The number of eggs laid by a hen, N, is a Poisson(μ) random variable. Each egg hatches with probability p, independently of any other egg. Let X be the number of eggs that hatch into baby chickens. Find the joint p.m.f. of N and X

- Since $N$ is poisson, the domain of $N$ ranges between 0 and infinity. So there is no way to list the joint probabilities are a table in the same manner we have done so far. Instead, let's write the PMF as a formula:
    - $P(N) = e^{-\mu} \frac{\mu^{N}}{N!}$

- $X$ can take on any number between 0 and $N$. So again, we express the binomial distribution of X as a formula
    - $P(X|N) = \binom{N}{x} p^{x} (1-p)^{N-x}$

- Unlike the previous 2 examples, we cannot re-cast $X$ and $N$ as independent events!
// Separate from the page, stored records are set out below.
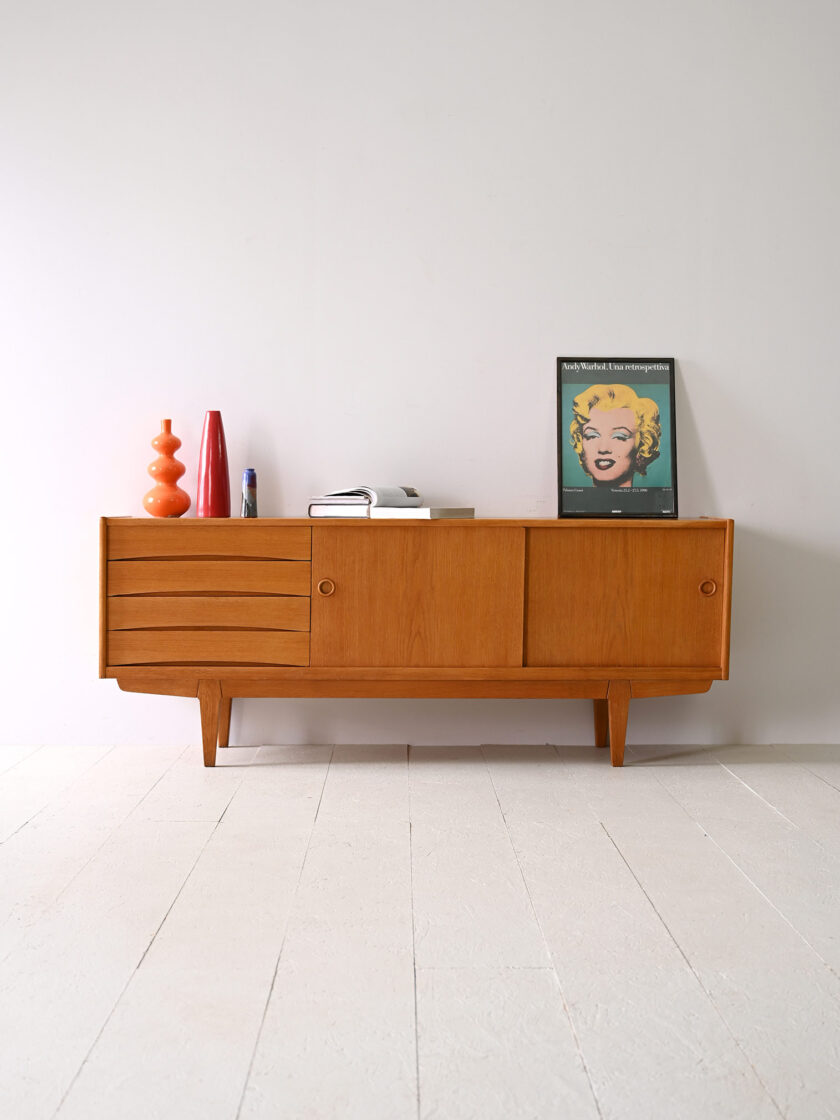 Sideboard-vintage-in-rovere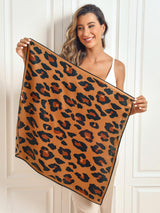 [P054] SilkSilky-AU Scarf 003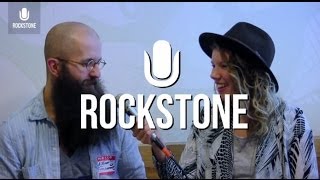 William Fitzsimmons - Interview :: Rockstone Sessions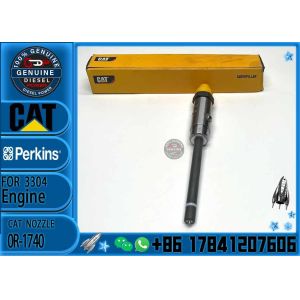 Common Rail Fuel Injector Nozzle 0R-1740 0R-1742 0R-1743 0R-1744 0R-1745 0R-3536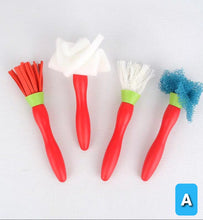 Load image into Gallery viewer, [Ready Stock] Funky Mop Brushes
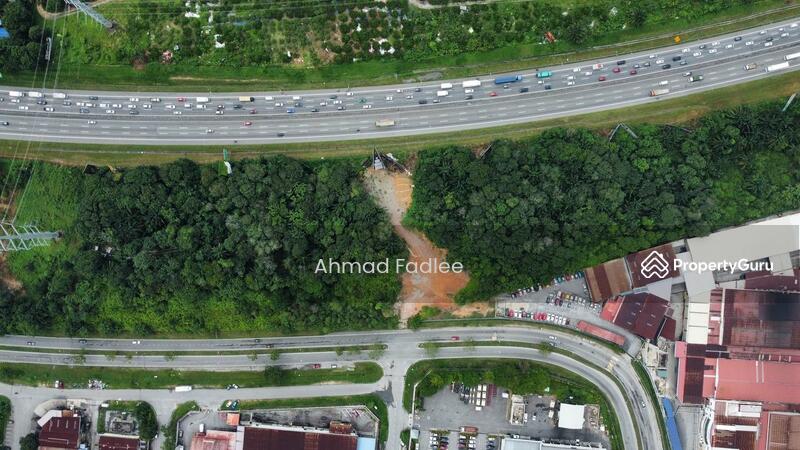 Untuk Dijual - Seksyen 9 Bandar Baru Bangi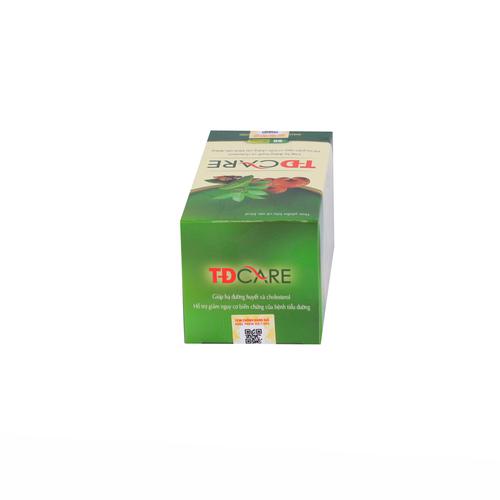 TĐCare Việt Đức (C/60v)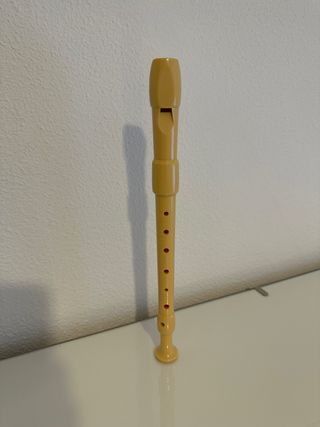 Flauta Hohner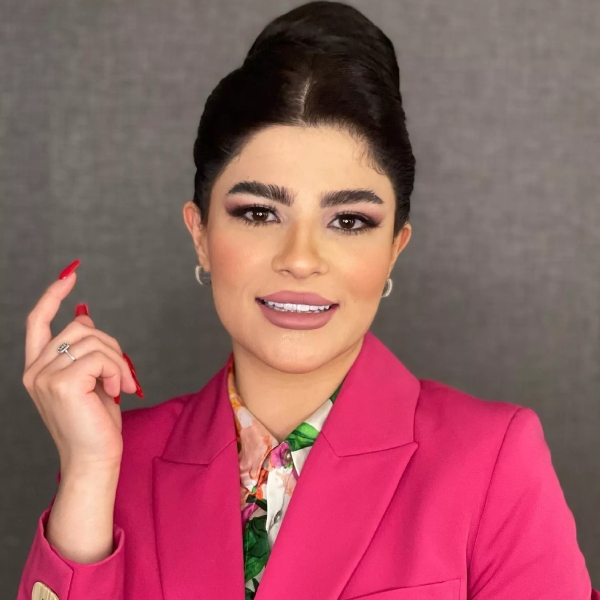 بيداء المعتصم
However, recall from the earlier section that $P(X | N) = \frac{P(X,N)}{P(N)}$
    - So $f(X,N) = P(X,N) = P(X|N)P(N)$

- Applying this relationship:
    - $$\begin{align}
        f(X,N) &= e^{-\mu} \frac{\mu^{N}}{N!} \cdot \binom{N}{x} p^{x} (1-p)^{N-x} \\
        &= e^{-\mu} \frac{\mu^{N}}{N!} \cdot \frac{N!}{x! (N-x)!} p^{x} (1-p)^{N-x}
        \end{align} $$
    - This applies only when x <= N, so more precisely:
        - $$
            f(X,N) = \left \{ \begin{matrix}
                e^{-\mu} \frac{\mu^{N}}{N!} \cdot \frac{N!}{x! (N-x)!} p^{x} (1-p)^{N-x} & 0 \leq x \leq n \lt \inf \\
                0 & \text{otherwise}
            \end{matrix} \right .
            $$